Estimating Fingertip Forces, Torques, and Object Curvatures from Fingernail Images

Nutan Chen
picking up and placing

How can we measure the fingertip contact forces when grasping a cup without mounting sensors on the object or the hand? Press your fingertip on the table, and see how the blood moves, making your nail and skin colour change. We will use this property to answer the question.

Here we describe a method, developed in collaboration with the Dept. of Physiology at Umeå University and published at Robotica (Chen et al., 2020), using the deformation and colour distribution of the fingernail and its surrounding skin, to estimate the fingertip forces, torques and contact surface curvatures for various objects. This makes us estimate the shape and material of the contact surfaces and the weight of the objects.

Our method circumvents limitations associated with sensorised objects, gloves or fixed contact surface type. In addition, compared with previous single finger estimation in an experimental environment, we extend the approach to multiple finger force estimation, which can be used for applications such as human grasping analysis.
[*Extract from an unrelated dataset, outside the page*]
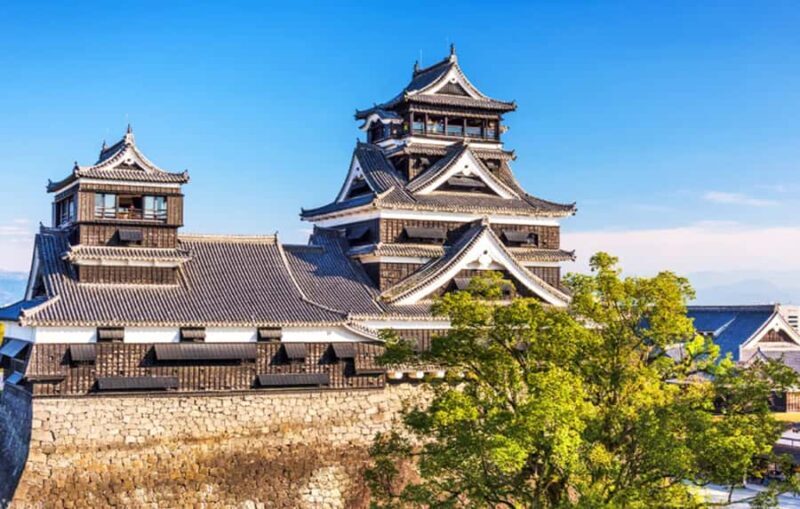 Fukuoka: Kumamoto Castle, Volcano, and Grasslands Day Trip - Exploring Kumamoto Castle: A Journey Through Time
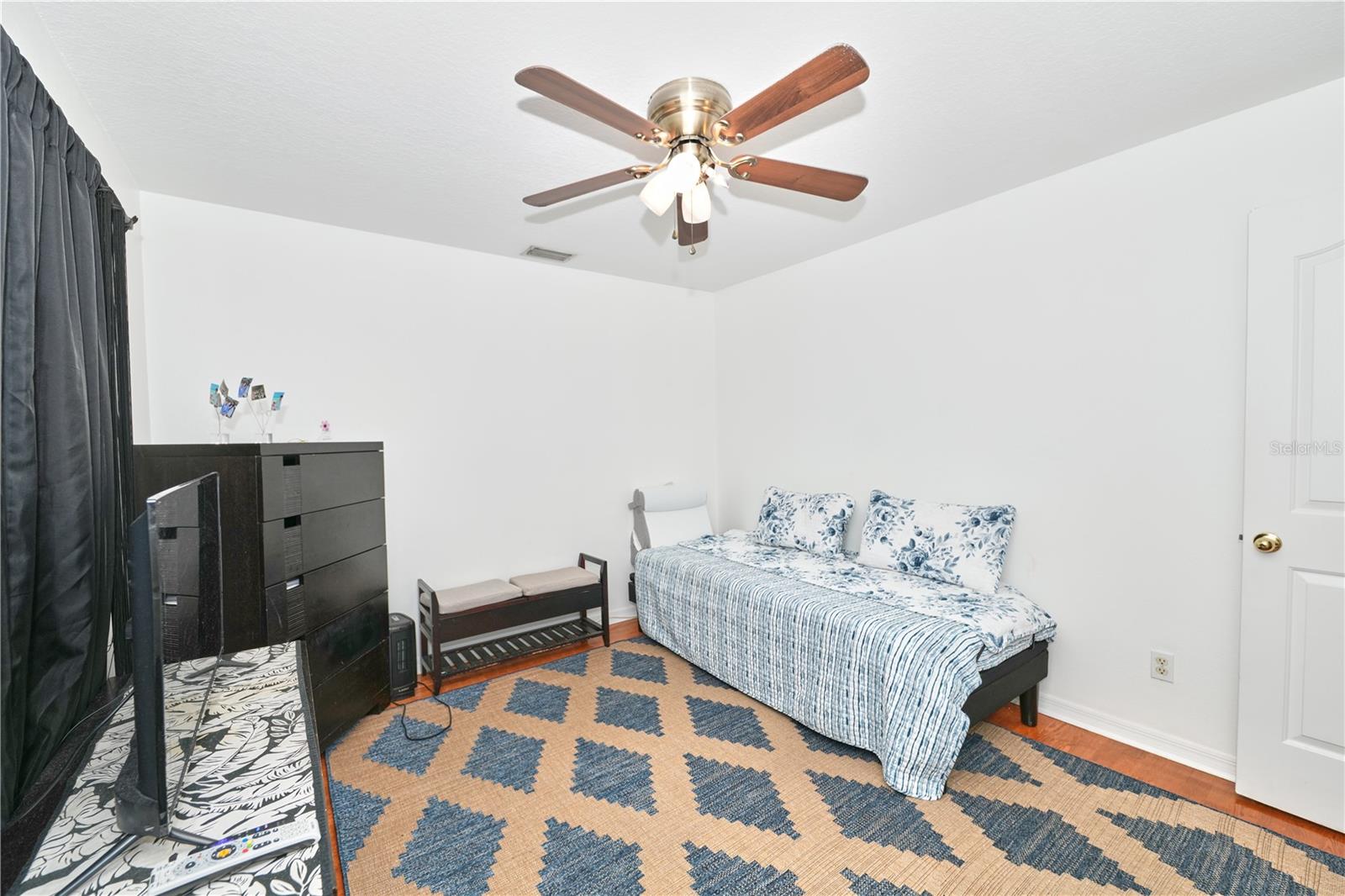 LAKE OLYMPIA CLUB - Residential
That's again important to understand how humans grasp and manipulate, and therefore how to build and use robot hands that can assist us in daily tasks. Or, indeed, what grip stability and manipulation really means.

Methods

Setup

The setup consisted of two stationary cameras and two force/torque sensors. The cameras recorded the distal phalanges of the index finger and thumb, illuminated with diffuse light, as well as markers on the respective nails. Video data was captured by two POINTGREY cameras at 24 fps with a resolution of 1280\(\times\)980 pixels. At the same time, two ATI Nano-17 six-axis force/torque sensors located under the two contact surfaces measured ground truth forces and torques at 100 Hz. The image data and force/torque data were synchronised using two LEDs. The positions and orientations of the markers were detected for the training-data calibration.
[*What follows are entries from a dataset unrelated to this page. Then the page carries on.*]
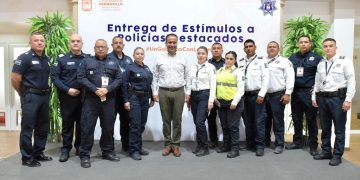 Entrega Antonio Astiazarán estímulos económicos a policías destacados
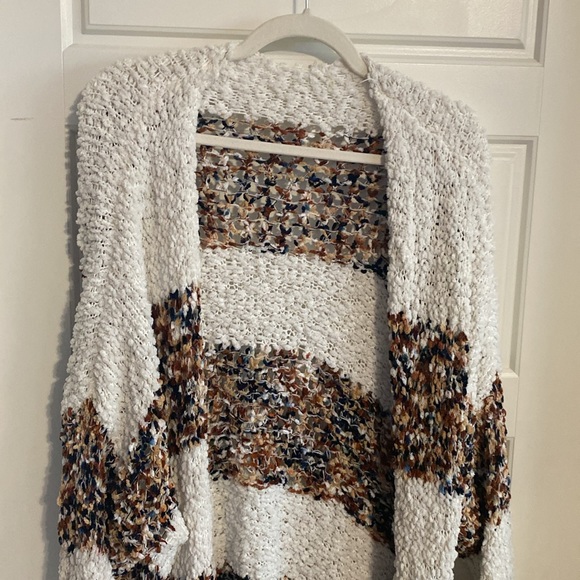 Open Front Popcorn Cardigan - Picture 3 of 7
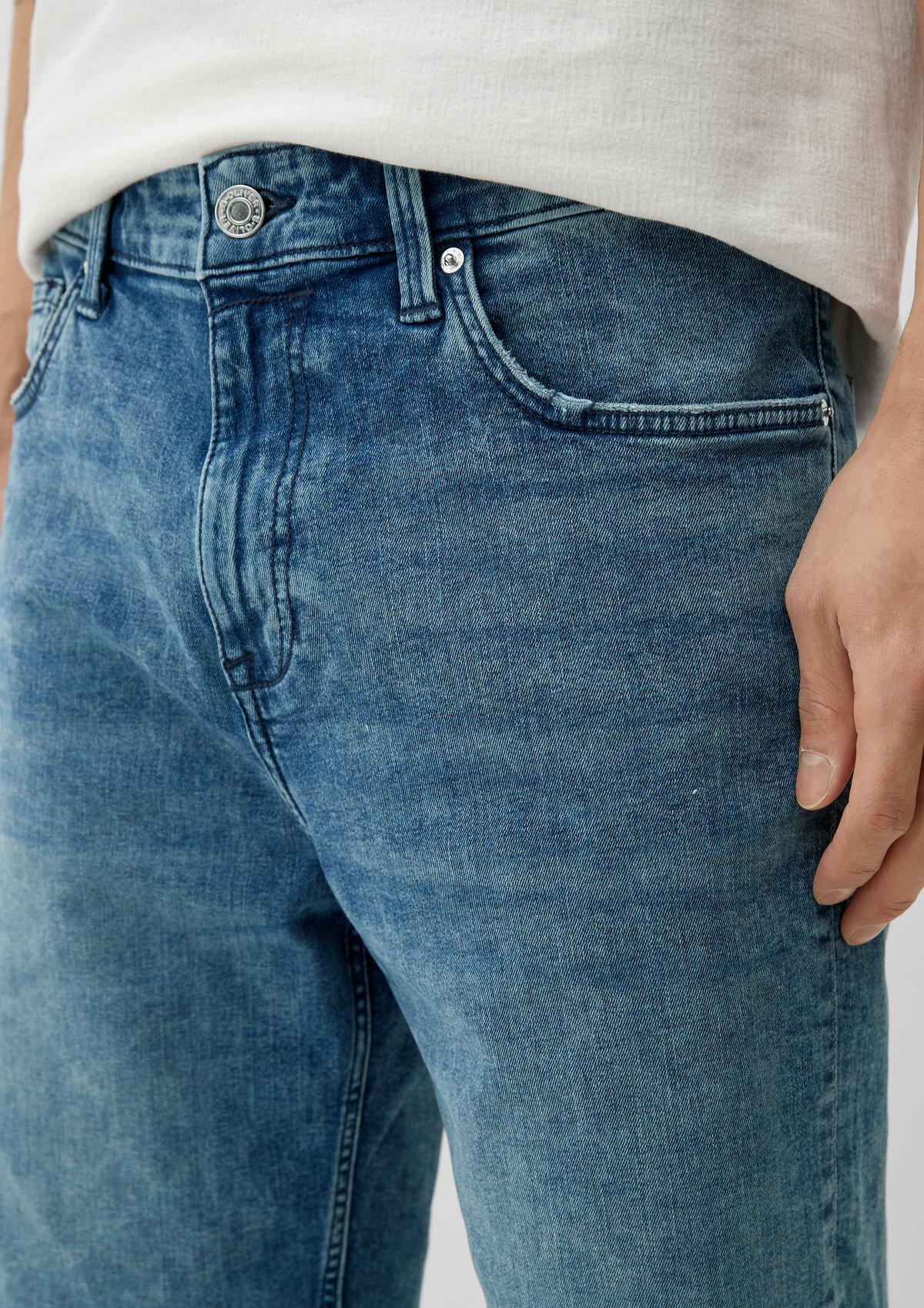 s.Oliver Slim: jeans hlače v slogu s petimi žepi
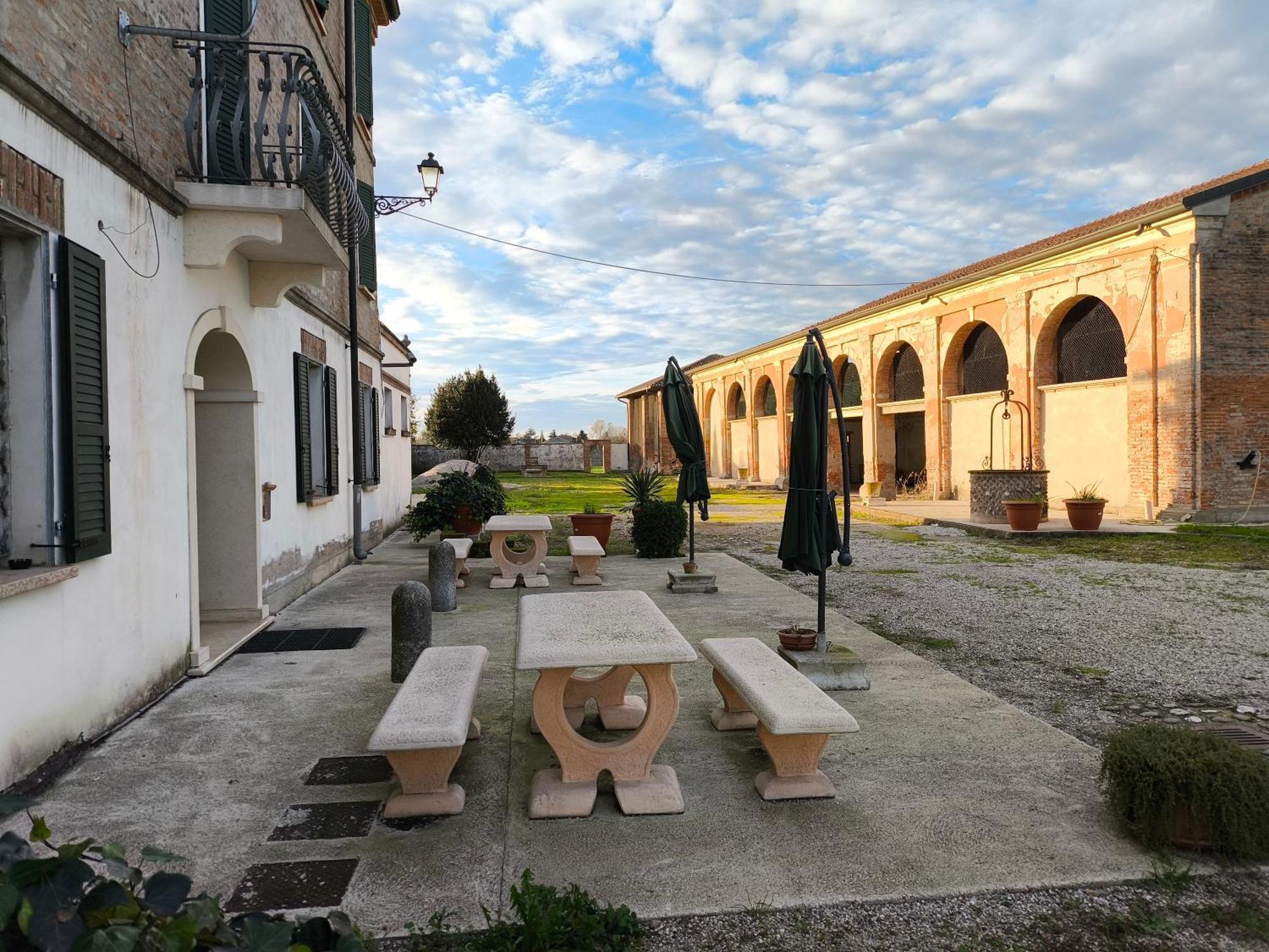 Volivia Relais Bed & Breakfast Pegognaga Bagian luar foto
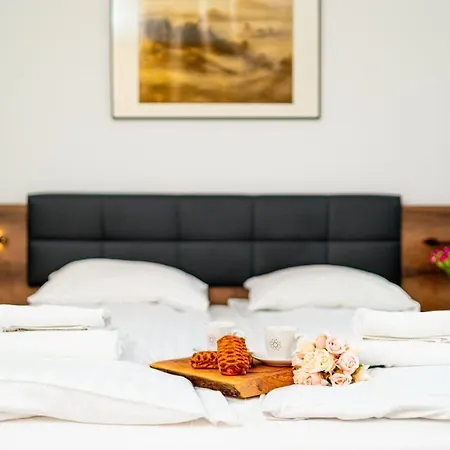 Lejlighed Wonder - Halo Karkonosze Z Ogrodem, Sezonowym Basenem, Placem Zabaw I Widokiem Na Sniezke - Zlokalizowane Blisko Karpacza *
Recording system Recording system2
Recording system. Two force torque sensors were mounted on the object for labeling the training data. Camera 1 captured the images of the rectangular marker 1, LED 1 and the index finger, while camera 2 captured the images of marker 2, LED 2 and the thumb. Marker 3 was attached to the side of object. The distance between the two contact surfaces was 49.5 mm. The object allowed easy adjustment of its weight (by a mechanism under the desk) and contact surfaces.
contact surfaces
Contact surfaces for the index finger. Odd rows are the front view, and even rows are the top view. # 1 to # 11 are sandpaper and # 12 is silk. r represents the radius of the surface. # 5 to # 8 are flat in the $x$ or $y$ direction; therefore, $r$ only represents the radius of the non-flat direction. The surface on the sensor of the thumb is flat sandpaper.

Image alignment

Image alignment was developed to reduce the variance caused by the finger orientation and location in the visual data. The fingernail and its surrounding skin were segmented from the background based on the edge, and the fingernail geometry centers were shifted to the same position in the images.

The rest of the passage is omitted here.